Short text fragments from websites:
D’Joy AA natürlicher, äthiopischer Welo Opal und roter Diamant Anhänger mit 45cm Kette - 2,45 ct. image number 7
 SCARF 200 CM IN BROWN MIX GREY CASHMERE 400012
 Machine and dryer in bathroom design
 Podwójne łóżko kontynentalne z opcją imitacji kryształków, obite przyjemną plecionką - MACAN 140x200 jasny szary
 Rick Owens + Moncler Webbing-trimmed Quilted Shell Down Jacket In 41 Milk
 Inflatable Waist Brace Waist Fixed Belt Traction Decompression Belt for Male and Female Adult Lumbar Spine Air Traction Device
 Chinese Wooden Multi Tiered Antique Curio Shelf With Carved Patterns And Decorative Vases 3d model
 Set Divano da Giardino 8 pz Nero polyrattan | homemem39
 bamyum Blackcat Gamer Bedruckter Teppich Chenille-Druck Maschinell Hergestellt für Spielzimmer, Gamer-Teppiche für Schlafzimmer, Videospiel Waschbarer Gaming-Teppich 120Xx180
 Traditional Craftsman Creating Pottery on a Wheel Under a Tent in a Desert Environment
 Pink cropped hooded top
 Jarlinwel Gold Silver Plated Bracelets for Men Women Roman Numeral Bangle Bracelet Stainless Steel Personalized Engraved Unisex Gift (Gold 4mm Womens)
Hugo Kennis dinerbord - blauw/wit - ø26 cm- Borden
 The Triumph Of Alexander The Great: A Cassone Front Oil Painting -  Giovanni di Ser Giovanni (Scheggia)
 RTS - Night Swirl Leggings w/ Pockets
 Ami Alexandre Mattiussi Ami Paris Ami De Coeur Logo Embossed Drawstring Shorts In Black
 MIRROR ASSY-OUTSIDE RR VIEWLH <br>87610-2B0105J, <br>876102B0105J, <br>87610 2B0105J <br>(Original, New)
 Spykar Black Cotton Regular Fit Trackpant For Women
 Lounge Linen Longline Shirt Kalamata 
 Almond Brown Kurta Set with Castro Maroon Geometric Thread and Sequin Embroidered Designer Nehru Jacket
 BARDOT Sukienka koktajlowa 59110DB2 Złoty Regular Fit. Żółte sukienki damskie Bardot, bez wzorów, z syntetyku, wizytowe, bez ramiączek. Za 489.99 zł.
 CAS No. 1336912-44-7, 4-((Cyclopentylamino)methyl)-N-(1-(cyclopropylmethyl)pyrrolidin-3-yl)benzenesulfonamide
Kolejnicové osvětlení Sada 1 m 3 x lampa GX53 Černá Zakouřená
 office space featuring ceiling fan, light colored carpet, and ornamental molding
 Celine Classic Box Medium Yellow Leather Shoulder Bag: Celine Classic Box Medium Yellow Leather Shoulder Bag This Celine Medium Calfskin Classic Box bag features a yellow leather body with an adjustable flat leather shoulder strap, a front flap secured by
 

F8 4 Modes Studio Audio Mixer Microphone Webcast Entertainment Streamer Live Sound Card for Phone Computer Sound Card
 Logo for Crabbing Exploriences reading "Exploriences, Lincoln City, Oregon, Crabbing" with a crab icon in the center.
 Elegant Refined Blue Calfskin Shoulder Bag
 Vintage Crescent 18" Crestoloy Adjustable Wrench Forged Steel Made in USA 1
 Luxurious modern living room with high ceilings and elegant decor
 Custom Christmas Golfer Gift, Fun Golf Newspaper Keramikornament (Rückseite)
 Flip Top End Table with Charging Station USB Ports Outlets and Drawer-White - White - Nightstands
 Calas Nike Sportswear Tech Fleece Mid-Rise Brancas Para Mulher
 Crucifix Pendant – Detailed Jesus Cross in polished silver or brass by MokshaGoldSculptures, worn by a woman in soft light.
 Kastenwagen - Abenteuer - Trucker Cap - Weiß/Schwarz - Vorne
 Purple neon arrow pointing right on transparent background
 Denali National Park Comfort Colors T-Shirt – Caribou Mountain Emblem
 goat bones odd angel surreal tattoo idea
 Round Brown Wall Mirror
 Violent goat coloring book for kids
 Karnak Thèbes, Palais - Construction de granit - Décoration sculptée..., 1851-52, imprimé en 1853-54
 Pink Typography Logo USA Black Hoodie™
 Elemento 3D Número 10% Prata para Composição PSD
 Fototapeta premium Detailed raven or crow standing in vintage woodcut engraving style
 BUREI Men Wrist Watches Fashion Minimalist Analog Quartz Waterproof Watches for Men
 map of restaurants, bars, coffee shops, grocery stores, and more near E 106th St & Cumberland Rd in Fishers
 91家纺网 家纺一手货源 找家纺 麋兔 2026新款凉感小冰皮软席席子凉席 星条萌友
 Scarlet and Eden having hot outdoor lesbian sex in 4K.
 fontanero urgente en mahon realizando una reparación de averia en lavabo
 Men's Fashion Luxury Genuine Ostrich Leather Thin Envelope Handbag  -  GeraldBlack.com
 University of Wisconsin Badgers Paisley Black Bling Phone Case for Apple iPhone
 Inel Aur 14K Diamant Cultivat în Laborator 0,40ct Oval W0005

● **Work instructions**:
Copy the lines above exactly. Start with the line containing "map of restaurants, bars, coffee", end with the line containing "Men's Fashion Luxury", and include both.

● **Answer box**:
 map of restaurants, bars, coffee shops, grocery stores, and more near E 106th St & Cumberland Rd in Fishers
 91家纺网 家纺一手货源 找家纺 麋兔 2026新款凉感小冰皮软席席子凉席 星条萌友
 Scarlet and Eden having hot outdoor lesbian sex in 4K.
 fontanero urgente en mahon realizando una reparación de averia en lavabo
 Men's Fashion Luxury Genuine Ostrich Leather Thin Envelope Handbag  -  GeraldBlack.com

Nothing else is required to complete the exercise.